Stored data entries
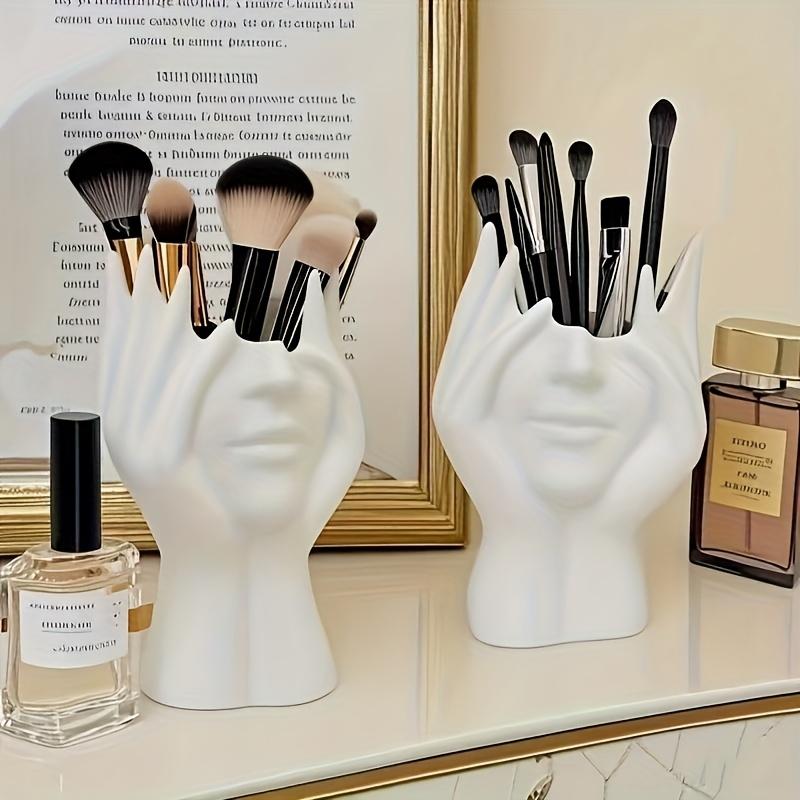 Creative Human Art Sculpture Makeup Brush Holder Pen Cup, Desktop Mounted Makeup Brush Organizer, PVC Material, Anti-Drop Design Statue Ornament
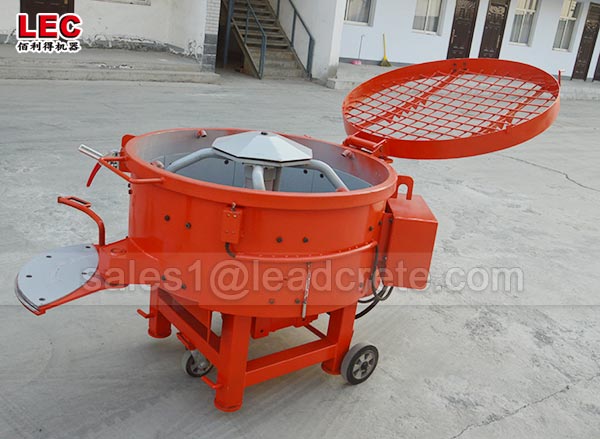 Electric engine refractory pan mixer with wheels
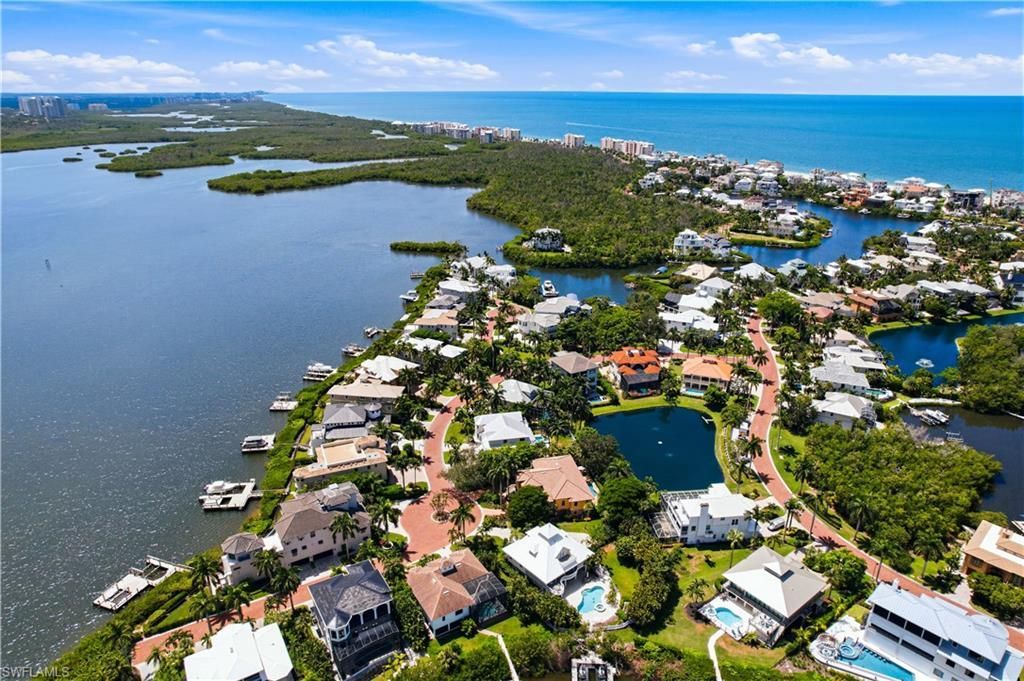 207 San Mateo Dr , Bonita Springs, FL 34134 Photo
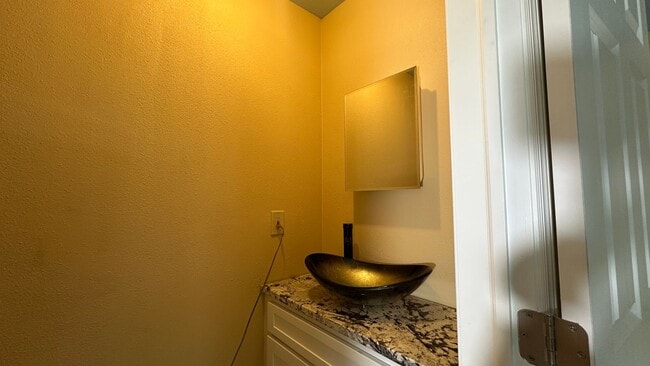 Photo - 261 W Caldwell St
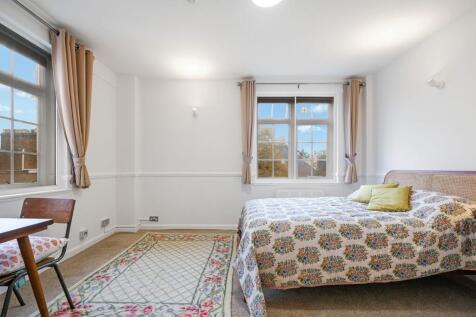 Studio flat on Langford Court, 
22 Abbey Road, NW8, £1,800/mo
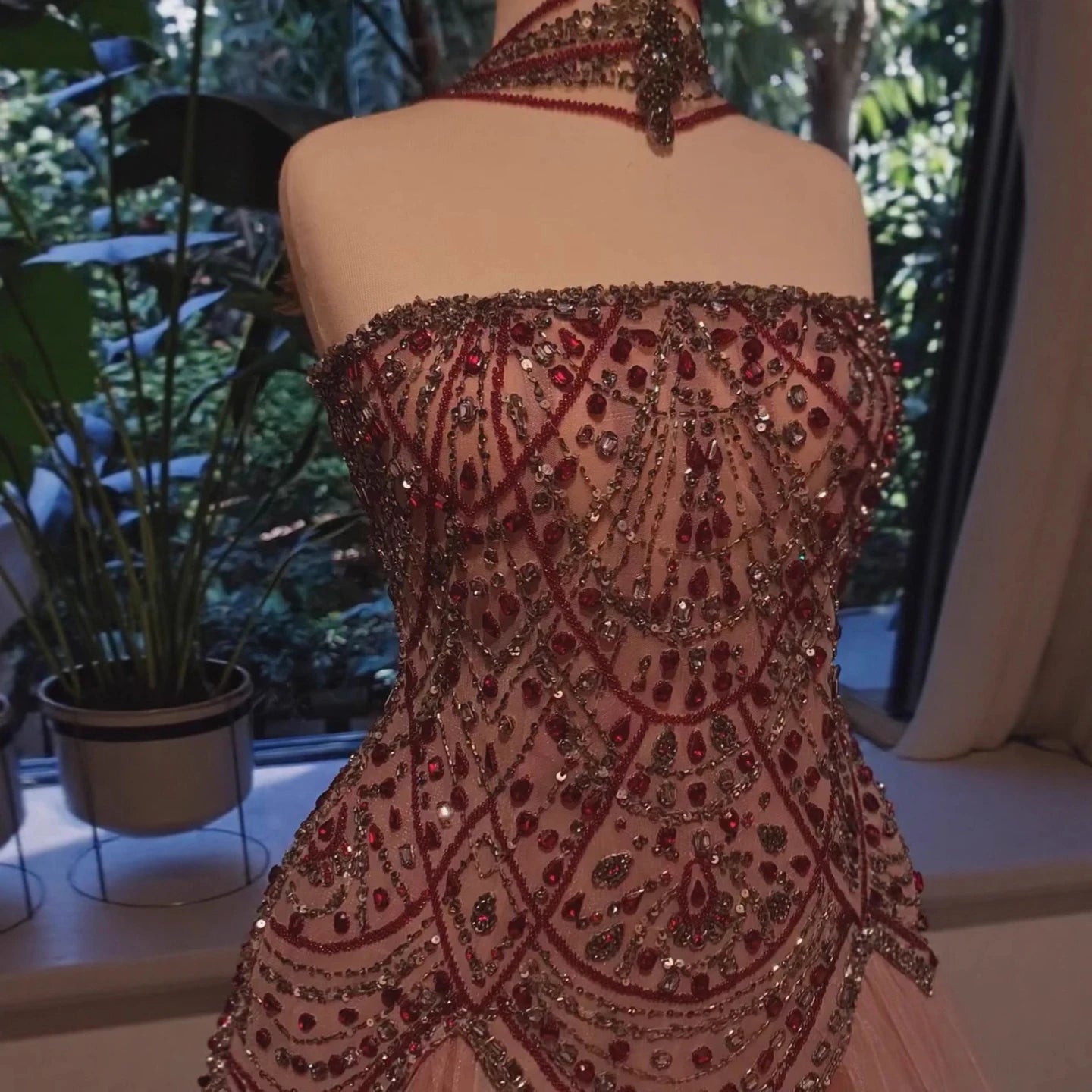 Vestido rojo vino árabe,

WORK INSTRUCTION:
Only the lines from the one with "22 Abbey Road, NW8, £1,800/mo" through the end of the data, both ends included, should be written out exactly, and no pictures should appear.

FINISHED TASK:
22 Abbey Road, NW8, £1,800/mo
 Vestido rojo vino árabe,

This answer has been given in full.